The research is noteworthy for linking the detected signal to an identified physical source, rather than just an isolated emission recorded in a distant region of the Milky Way.
From the observations, scientists associated the emissions with a binary system in the process of accretion, in which the white dwarf draws material from its companion star.
According to the University of Sydney, the pulses repeat in a cycle of about 1.4 hours, equivalent to approximately 84 minutes.
In the scientific article, the authors estimate the orbital period at 1.368 ± 0.053 hours, a value used to support the interpretation that the regularity of the signals is related to the movement of the two stars.
Rare radio signal intrigued astronomers
Long-period radio transients form a still recent class of astronomical phenomena, characterized by bursts that repeat at intervals of tens of minutes or more than an hour.
This behavior does not easily fit into the models used to explain conventional pulsars and other compact sources already known to astronomy.
Among the hypotheses evaluated in recent years was the possibility that these signals were produced by neutron stars with extremely slow rotation.
However, according to the researchers involved in the study, physical models indicate that objects of this type, when rotating so slowly, would hardly generate emissions with the characteristics observed in some of these events.
With the identification of ASKAP J1745−5051, the hypothesis gained strength that at least a portion of these signals may originate in binary systems with magnetic white dwarfs.
The research does not conclude the debate on all long-period radio transients but presents an observed case that can be compared to other sources still without a definitive explanation.
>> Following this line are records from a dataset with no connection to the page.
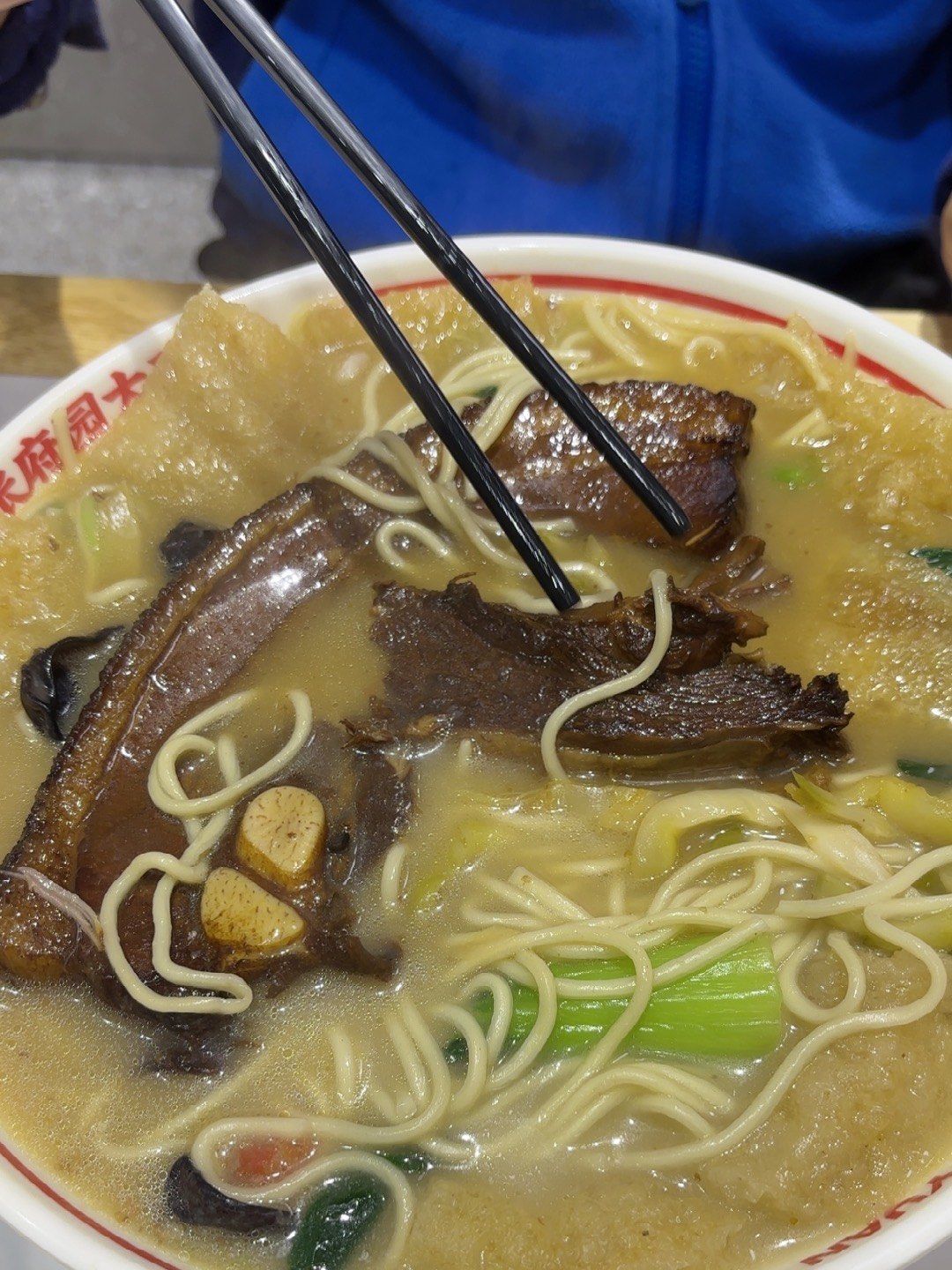 超级超级大碗的面,超级超级大的大肉,大肉
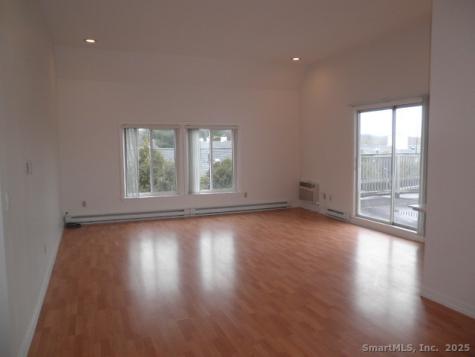 73 Park Avenue Danbury CT 06810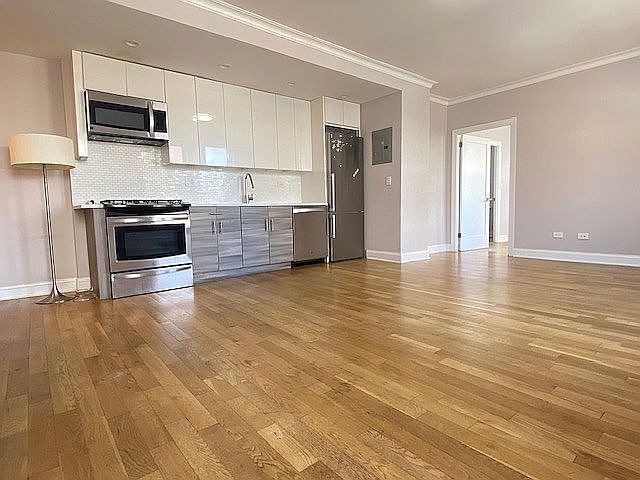 1st image of 223 2nd Ave #3R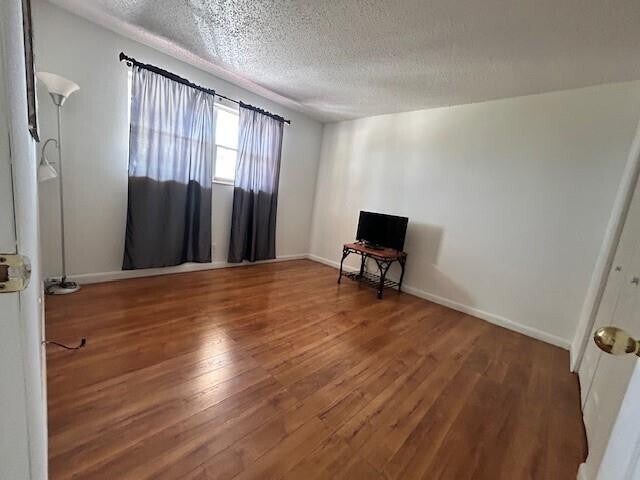 Building Photo - 850 E Commercial Blvd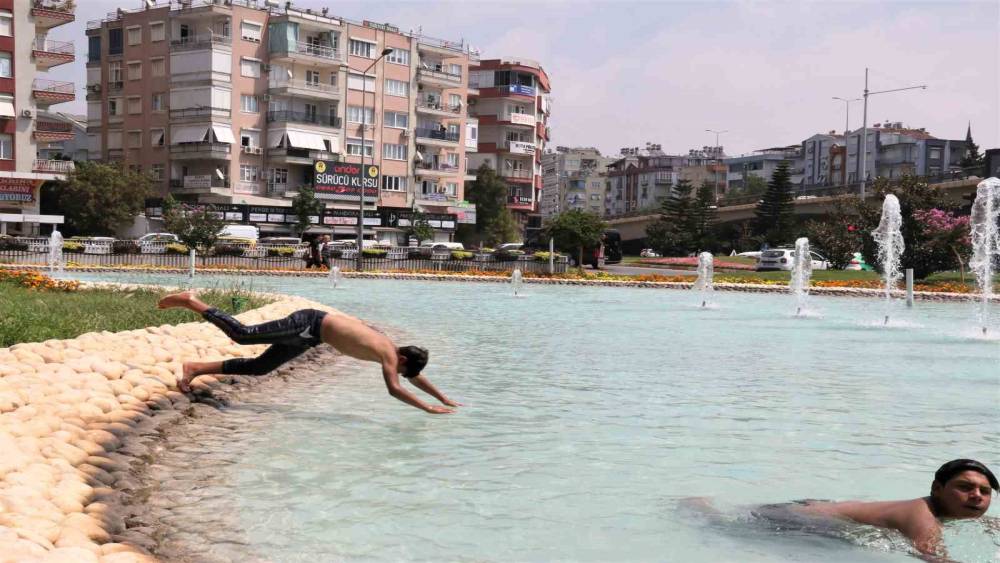 Antalya’da sıcak ve nemli havada bunalan çocuklar soluğu süs havuzunda aldı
In a statement from the University of Sydney, Kovi Rose stated that the researchers managed to indicate the origin of these signals and confirm the source as a cataclysmic variable, that is, a system with an accreting white dwarf.
This attribution relates the astronomical observation to a known physical mechanism, allowing the same interpretation to be tested in other similar objects detected in the galaxy.
White dwarf helps explain radio and X-ray emission
In the ASKAP J1745−5051 system, the white dwarf attracts material from the companion star, a process that alters the environment around the compact object and creates conditions for emissions in different ranges of the electromagnetic spectrum.
When this gas approaches the white dwarf, it heats up and begins to emit X-rays, a signature associated with accretion environments with high temperatures.
At the same time, the interaction between the magnetic fields of the two stars and the plasma present in the system is pointed out by the authors as one of the explanations for the regular radio emissions.
The observations indicate that the radio and X-ray signals do not peak at exactly the same time, suggesting an origin in different regions of the binary system.
This interval between emissions helps researchers separate the physical processes involved, without treating radio and X-rays as manifestations necessarily produced at the same point.
According to the interpretation presented in the study, the X-rays are associated with the heating of the material attracted by the white dwarf, while the radio waves arise in regions of magnetic interaction and charged particles.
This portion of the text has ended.